Ok, so this one is a strange one. It is a travel movie, I swear. Warning: it might be offensive to some, so I warn you that if you find the topic of suicide a trigger, probably best to skip this one and avoid it. It's about a kid, Zia, who kills himself and gets sent to this purgatory-type world full of successful suicides (which is like our world but just a lot more depressing and hopeless). He gets a job at a pizza joint and becomes good friends with a Russian Rocker, Eugene, until he discovers that his girlfriend also committed suicide after him. So with his rocker friend by his side he roadtrips this strange world to find her. They meet up with another girl, Mikal (played by one of my celebrity crushes, Shannyn Sossamon), who thinks she was sent there by accident, and joins up with them in order to find the "Man in Charge" to get sent back to life. And Zia, along the way, realizes that maybe Mikal is who his life needed to make it worth living. Like any good travel movie, they aren't the same people after the trip is over. It's not for everyone. It really isn't. But I love this movie and the ending gets me. Every. Single. Time.

Favorite quote:
Kneller: Once upon a time there was a crooked tree and a straight tree. And they grew next to each other. And every day the straight tree would look at the crooked tree and he would say, "You're crooked. You've always been crooked and you'll continue to be crooked. But look at me! Look at me!" said the straight tree. He said, "I'm tall and I'm straight." And then one day the lumberjacks came into the forest and looked around, and the manager in charge said, "Cut all the straight trees." And that crooked tree is still there to this day, growing strong and growing strange.

6. The Way

It's a pretty simple plot: asshole, rigid, by-the-books dad, and the dreamer son. Son goes hiking the Camino de Santiago (ancient pilgrimage routes in Spain to where the saints might be buried) and, unfortunately, dies. His father goes to Spain to get his son, and ends trekking the entire trail to spread his ashes. It's like the Wizard of Oz where he meets characters that are completely opposite of him. The travel, and the people he travels with, challenges and change him.

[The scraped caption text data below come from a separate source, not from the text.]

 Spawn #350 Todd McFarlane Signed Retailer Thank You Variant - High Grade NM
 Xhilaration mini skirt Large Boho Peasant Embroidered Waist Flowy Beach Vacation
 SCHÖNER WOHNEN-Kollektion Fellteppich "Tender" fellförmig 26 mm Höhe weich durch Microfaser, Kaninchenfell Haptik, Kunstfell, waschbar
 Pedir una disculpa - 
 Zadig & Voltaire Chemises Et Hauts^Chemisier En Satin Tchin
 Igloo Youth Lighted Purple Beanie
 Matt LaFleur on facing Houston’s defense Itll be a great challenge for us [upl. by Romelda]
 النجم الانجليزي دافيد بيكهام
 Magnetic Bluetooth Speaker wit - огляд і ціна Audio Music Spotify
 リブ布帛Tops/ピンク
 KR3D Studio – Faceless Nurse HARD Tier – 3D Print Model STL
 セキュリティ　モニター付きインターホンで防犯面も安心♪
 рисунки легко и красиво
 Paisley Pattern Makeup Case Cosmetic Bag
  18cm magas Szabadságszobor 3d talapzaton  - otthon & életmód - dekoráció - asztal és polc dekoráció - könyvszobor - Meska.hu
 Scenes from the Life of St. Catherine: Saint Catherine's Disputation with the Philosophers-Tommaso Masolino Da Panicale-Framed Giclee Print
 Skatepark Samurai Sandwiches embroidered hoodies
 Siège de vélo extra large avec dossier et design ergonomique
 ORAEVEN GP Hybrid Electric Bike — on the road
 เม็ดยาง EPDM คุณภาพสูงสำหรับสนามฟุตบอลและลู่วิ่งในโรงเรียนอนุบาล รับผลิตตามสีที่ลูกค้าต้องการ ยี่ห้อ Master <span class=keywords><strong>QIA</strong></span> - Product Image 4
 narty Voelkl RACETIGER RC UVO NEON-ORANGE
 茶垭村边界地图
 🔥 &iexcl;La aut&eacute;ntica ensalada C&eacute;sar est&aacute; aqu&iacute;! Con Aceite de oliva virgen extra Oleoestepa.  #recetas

What connects them is this: they are broken. Hiking and traveling to try and fix themselves. But the question becomes: can you fix deep fractures and breaks? And if you can't, how do you deal with them and move on and accept yourself as beautiful and flawed at the same time? It's a beautiful film about how it never is too late to forgive yourself for past mistakes.

Favorite quote:
Daniel: You don't choose a life, Dad. You live one.

5. The Secret Life of Walter Mitty


We all want to do big and epic and mighty things in life. Walter is someone with a boring life who imagines the wildest of adventures. He lives out these fantasies because his life is, well, boring. He's good at his job, but he wants more, in his life and in his relationships. It isn't until he must go on a journey to Greenland and Iceland and Afghanistan, that he begins to live the life he had daydreamed. His daydreams stop, because he's finally living his dreams. It's a beautiful movie and it gets better every time I see it. Also, the speech by Sean Penn about being in the moment is very important and still something I'm doing my best to practice on a daily basis.


Favorite quote:
Walter: To see the world, things dangerous to come to, to see behind walls, draw closer, to find each other, and to feel. That is the purpose of life.

4. Americano


AmericanoI think I love the tagline more than anything else: Do what scares you. Also, huge fan of Joshua Jackson. He seems to do a lot of these kind of "find yourself" movies. An American goes on vacation in Spain with two friends, a couple who can't stop bickering, and meets the woman of his dreams - someone who challenges every Western thought he has. Maybe he doesn't want to go back to the 9-5. So he must decide what's more important - a successful career way away from this women or love?
Hint: the answer is in the movie's tagline.

Favorite quote:
Narrator: The story of our life, in the end, is not our life, it is our story.

3. Darjeeling Limited

The first time I watched this, I'll admit, I didn't like it. I didn't understand it. But after a second and third and forth time, it really truly grew on me. Travel changes these brothers. It helps heal brokenness (both mentally, and for one brother, quite literally). It's a chance to self-examine themselves and their relationship with others. 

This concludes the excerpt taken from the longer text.